27 Jul Fortescue Metals increases iron ore production by 14%
Iron ore giant Fortescue Metals (ASX: FMG) announced that production increased at its Pilbara iron ore mines in Western Australia over the June quarter, despite founder Andrew Forrest in 2015 calling for big miners to cap iron ore production to drive up prices.
FMG mined 47.8 million wet metric tonnes (wmt) of iron ore in the fourth quarter, an increase of 14% from the same time a year ago.
Output also rose from the March quarter to the June quarter.
Exports grew by 3% over the June quarter compared to the same time last year, with 43.4 million wmt of iron ore shipped, including ore from other firms.
The company said it received an average price of US$48.79 per dry metric tonne (dmt) in the quarter, after adjustments for its lower grade iron ore, compared to the average price of $55.66 per dmt for ore with 62% iron content.
FMG stated it was targeting shipments between 165-170 tonnes of iron ore for the 2017 financial year.
In 2014, FMG generated 155 million tonnes of iron ore and shipped 124.4 million tonnes, up by half from the previous year (2013).
The production increases have come despite Andrew Forrest’s calls for big miners to cap production to increase prices.
“I’m absolutely happy to cap my production right now,” said Mr.

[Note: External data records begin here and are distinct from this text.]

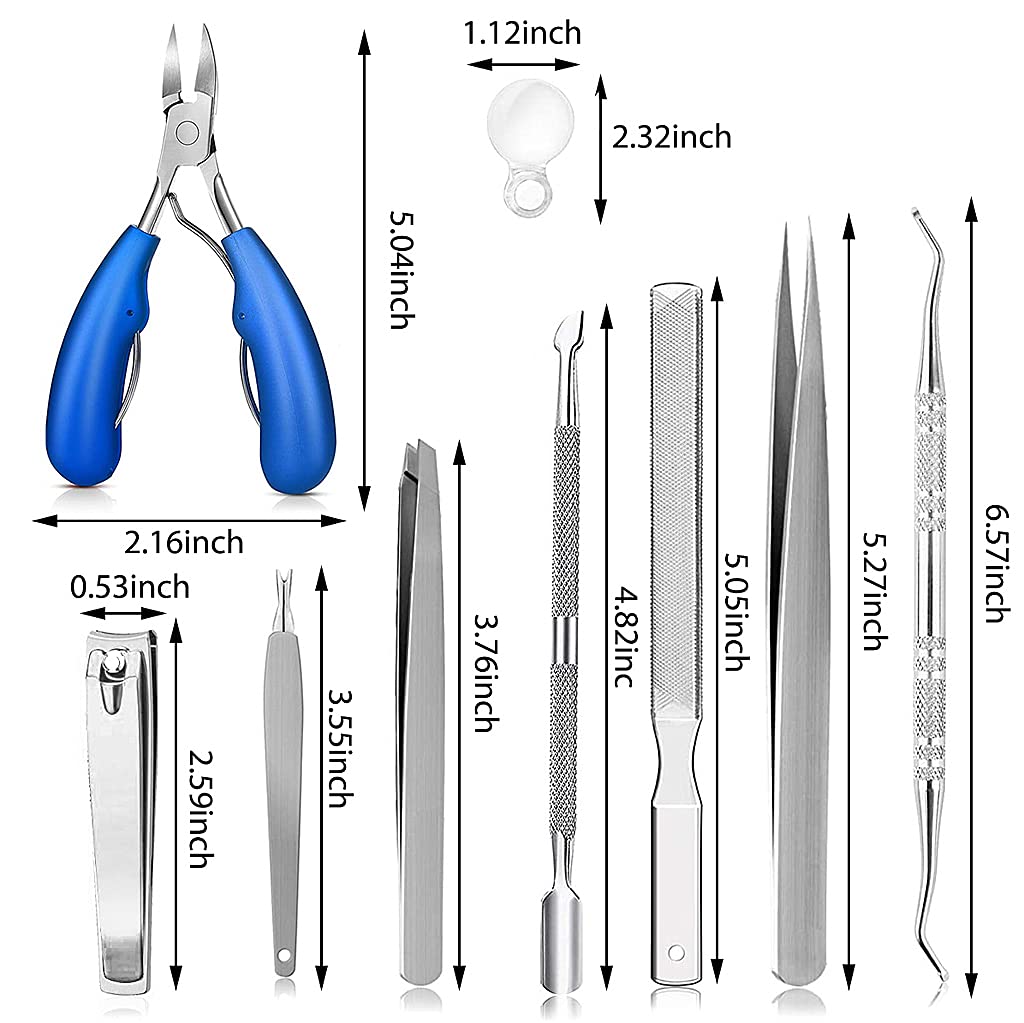 MAYCREATE® 10PCS Nail Cutter Toenail ToolPedicure Kit Professional Tools Toe Nail Clippers for Adult Fingernail Manicure Set,for Ingrown Toenail Treatment/Thick Nails/Normal Nails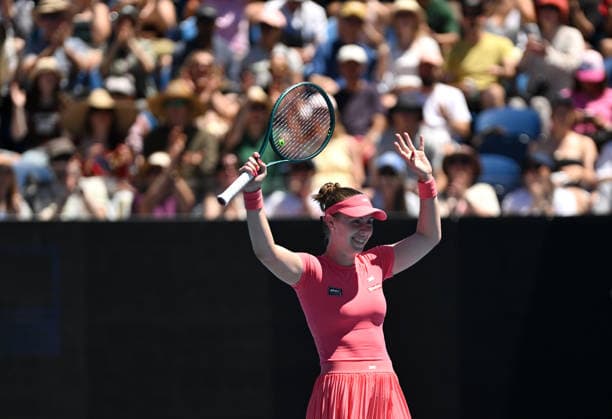 TENNIS AUSTRALIAN OPEN, Talia Gibson of Australia celebrates after winning the Women™s 1st round match against Anna Blinkova of Russia on day 1 of the 2026 Australian Open tennis tournament at Melbourne Park in Melbourne, Wednesday, January 14, 2026. ( NO ARCHIVING MELBOURNE VICTORIA AUSTRALIA  Copyright: xLUKASxCOCHx 20260118170144333503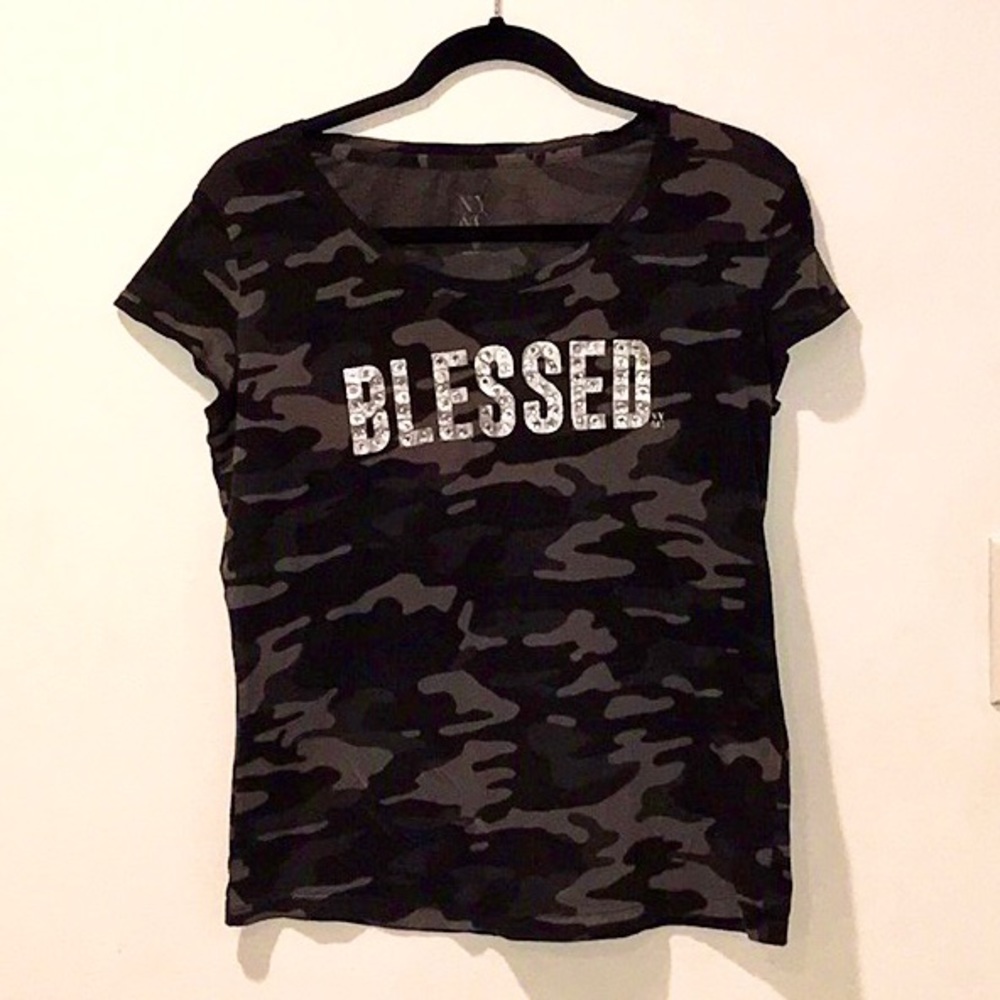 Army Print Bedazzled Bless Tee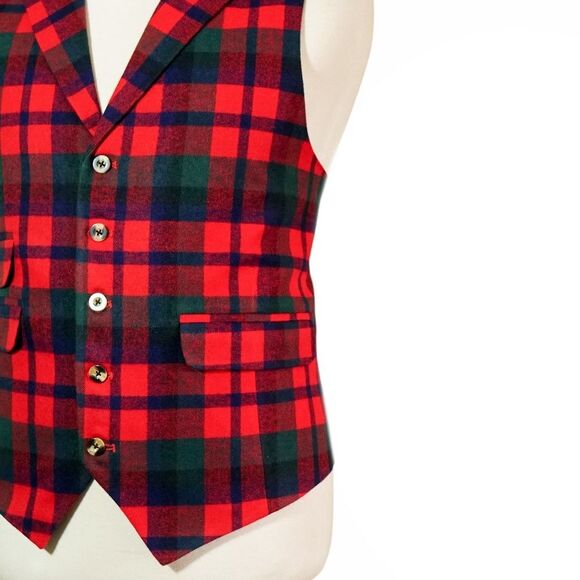 Mens 46R Plaid Wool Waistcoat Vest Red Blue Green Formal Wedding Business Party - Picture 5 of 8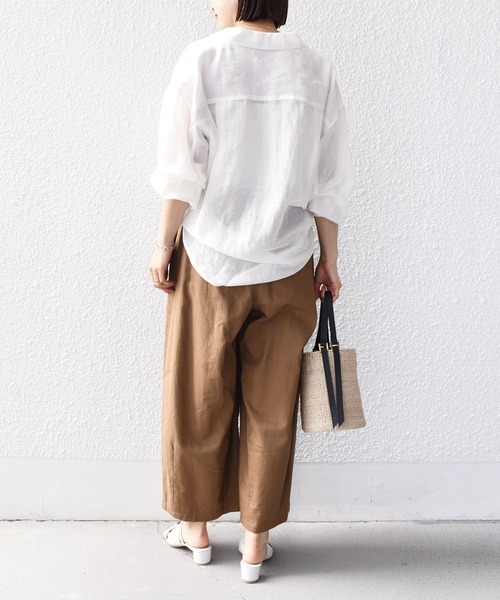 SHIPS.me(シップスミー)の「【ZOZO限定】SHIPS.me: 綿麻 タック バルーン パンツ(その他パンツ・レディース・ナチュラル/カーキ/ブラック/ライトベージュ/サックスブルー/ダークブラウン/ネイビー/イエロー・マルチサイズ)」の22枚目の写真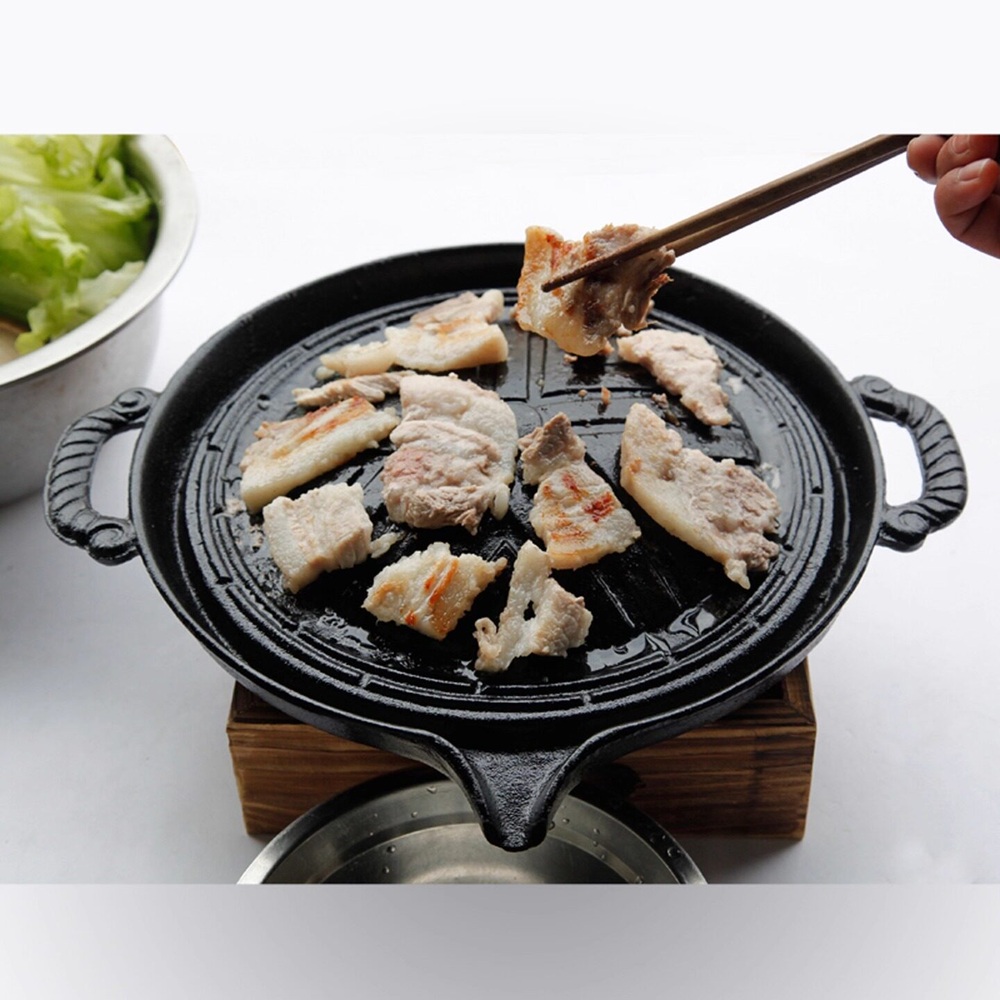 숯불 숫불 양고기 삼겹살 소고기 구이용 두꺼운 고급 통 무쇠 주물 원형 불판 철판 그릴 - 상세 이미지 3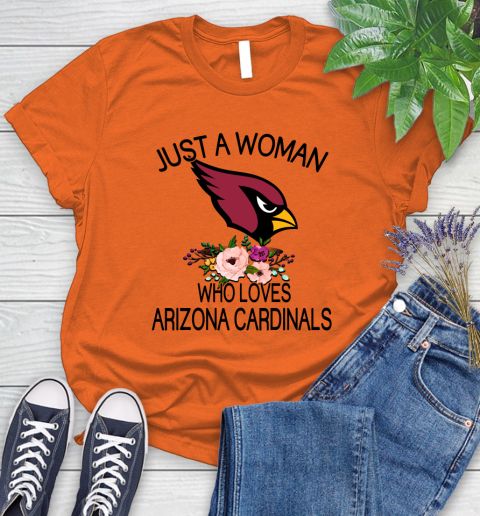 NFL Just A Woman Who Loves Arizona Cardinals Football Sports Women's T-Shirt 2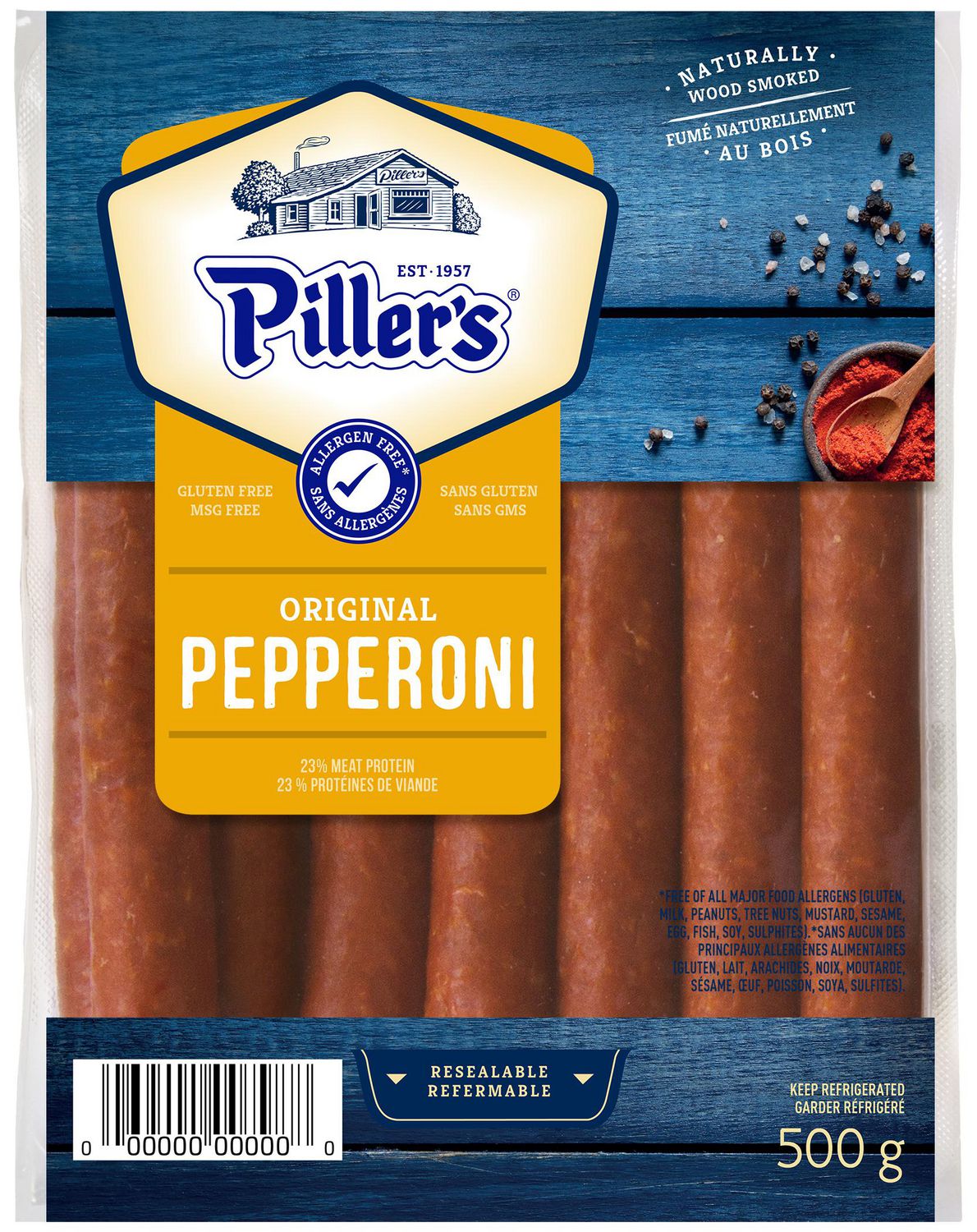 Piller's Original Gluten Free Pepperoni Meat Snacks naturally wood smoked 500 g package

Forrest in 2015. “All of us should cap our production now and we’ll find the iron ore price will go straight back up to $US70, $US80, $US90.”
Strong iron ore prices helped FMG lower its net debt by $5.2 billion at the end of June this year.
The miner repaid almost $3 billion last financial year.
Nev Power, CEO of FMG said: “Our June quarter result demonstrates the consistent delivery of outstanding operation al performance across all aspects of our business.”